Sans aller jusqu'au modèle anglo-saxon, le dispositif que je propose a une triple vocation : relancer une filière confrontée à une crise économique profonde, du club amateur au club professionnel ; soutenir la compétitivité de nos clubs au niveau européen afin qu'ils puissent se battre un peu plus à armes égales avec leurs concurrents européen ; surtout encadrer au mieux afin d'éviter les dérives, qu'elles soient financières – nous l'avons vu avec l'affaire Médiapro – ou susceptibles de remettre en cause notre modèle de solidarité entre le monde amateur et le monde professionnel, qui repose notamment sur la « taxe Buffet ».

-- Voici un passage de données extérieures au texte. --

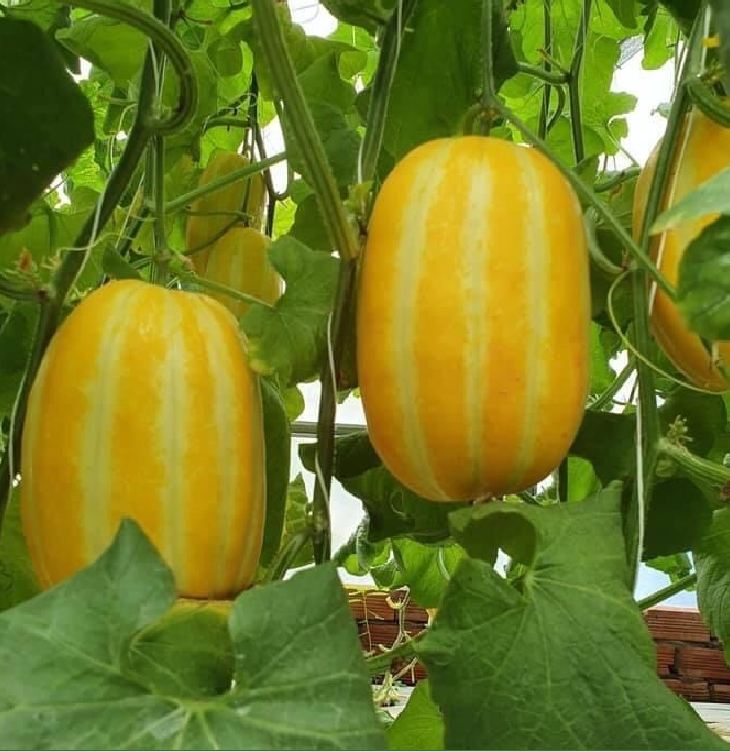 Hạt Giống Dưa Lê Thơm Hàn Quốc F1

La société commerciale dont je propose la création est encadrée parce qu'aujourd'hui les ligues peuvent créer des filiales. Il est du devoir du régulateur d'encadrer cette création. Les investisseurs extérieurs ne pourront pas posséder plus de 20 % du capital de cette société, la ligue disposant de 80 % des parts et de droits de vote équivalents. Il s'agira donc pour l'investisseur d'apporter de la trésorerie au secteur, ce qui augmentera les ressources globales au profit des clubs professionnels mais également du sport amateur. Le dispositif sera encadré par le principe de solidarité financière entre le sport professionnel et le sport amateur qui sera expressément mentionné dans le nouvel article L. 132-1-2 du code du sport. Cette disposition va même plus loin que l'article traitant actuellement des ligues professionnelles puisque ce dernier ne mentionne pas le principe de solidarité. Un décret précisera la liste des personnes physiques et morales qui ne sont pas habilitées à détenir une participation au capital de ces sociétés afin d'éviter tout conflit d'intérêts. En outre, les statuts de ces sociétés devront être approuvés par le ministre chargé des sports, après avis ou recommandation de la fédération sportive concernée. Il s'agit donc d'un contrôle a priori de la puissance publique et de son délégataire.

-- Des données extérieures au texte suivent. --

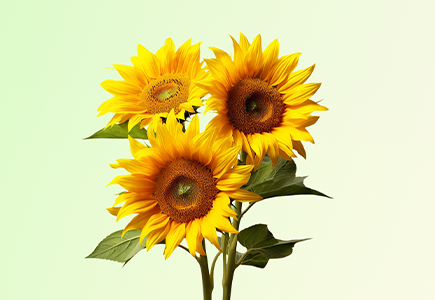 博源国际(中国)有限公司官网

Vous l'aurez compris, l'objectif de cet amendement n'est pas seulement de permettre la création de la société commerciale dans le souci d'une relance du secteur professionnel mais d'encadrer strictement cette possibilité. Cette proposition s'inscrit dans le cadre du travail que nous réalisons depuis maintenant plus de trois ans, notamment au sein du groupe d'études Économie du sport. Je crois que notre réflexion aboutit à un dispositif équilibré entre les objectifs d'attractivité de nos clubs et de régulation publique, entre mesures conjoncturelles et mesures structurelles, entre sport amateur et sport professionnel. Si nous considérons le titre III dans son ensemble, il existe un équilibre entre répression sur la manipulation des compétitions sportives, répression du streaming illégal et offre régulée et lisible pour le consommateur. Le dispositif est équilibré entre sociétés commerciales et économie sociale et solidaire, avec les dispositions relatives à la société coopérative d'intérêt collectif (SCIC).